-------- Exercise material

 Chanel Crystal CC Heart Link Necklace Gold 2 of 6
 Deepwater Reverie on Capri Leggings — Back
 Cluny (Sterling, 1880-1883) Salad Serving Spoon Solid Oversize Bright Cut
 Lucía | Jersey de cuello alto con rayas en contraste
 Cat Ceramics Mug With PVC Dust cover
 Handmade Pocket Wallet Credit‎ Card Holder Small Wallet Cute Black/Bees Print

----------------
-------- Exercise material

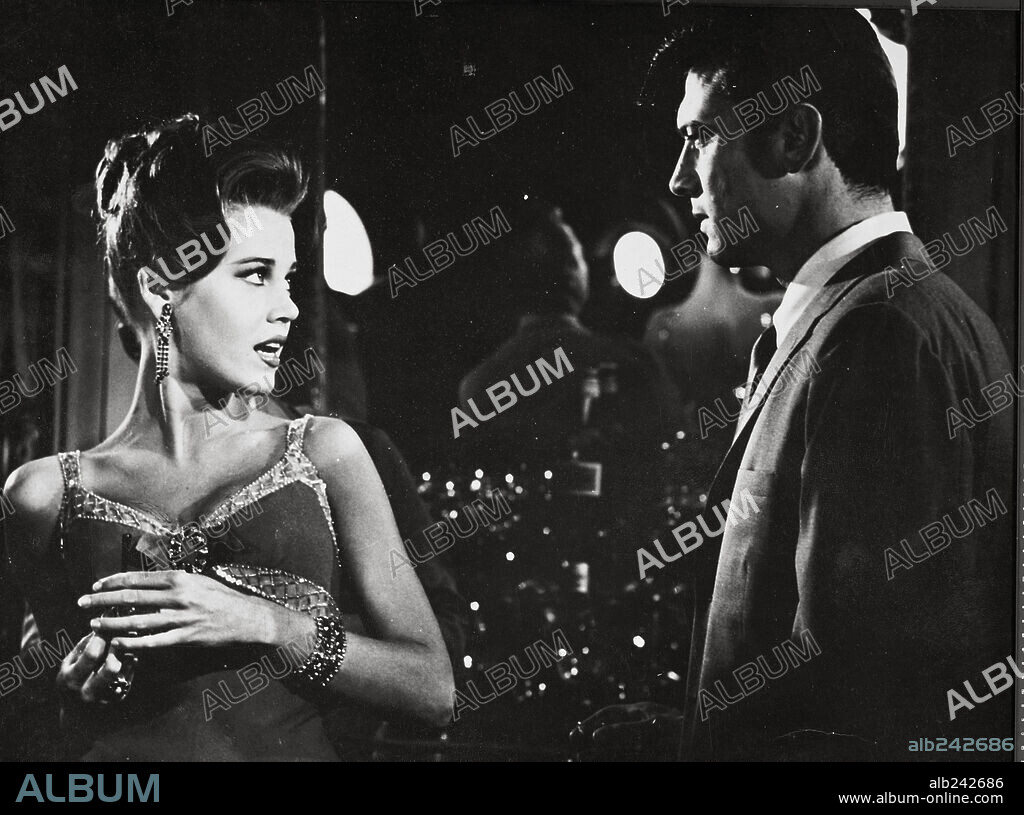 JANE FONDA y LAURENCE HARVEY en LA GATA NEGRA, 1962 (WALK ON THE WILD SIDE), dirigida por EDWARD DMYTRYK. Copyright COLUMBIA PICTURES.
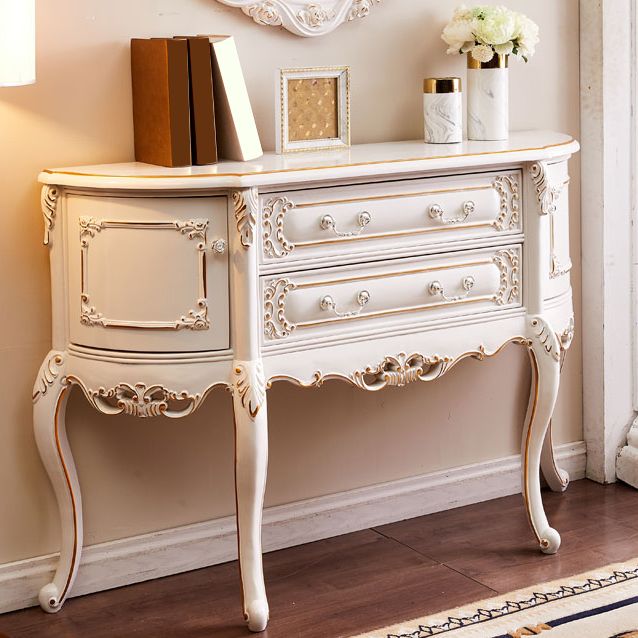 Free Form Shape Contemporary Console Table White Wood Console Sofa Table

----------------

# Exercise instructions
Would you retype exactly the lines above, from the line with "Lucía | Jersey" to the line with "Handmade Pocket Wallet", with both end lines kept and nothing more?

# Final answer
 Lucía | Jersey de cuello alto con rayas en contraste
 Cat Ceramics Mug With PVC Dust cover
 Handmade Pocket Wallet Credit‎ Card Holder Small Wallet Cute Black/Bees Print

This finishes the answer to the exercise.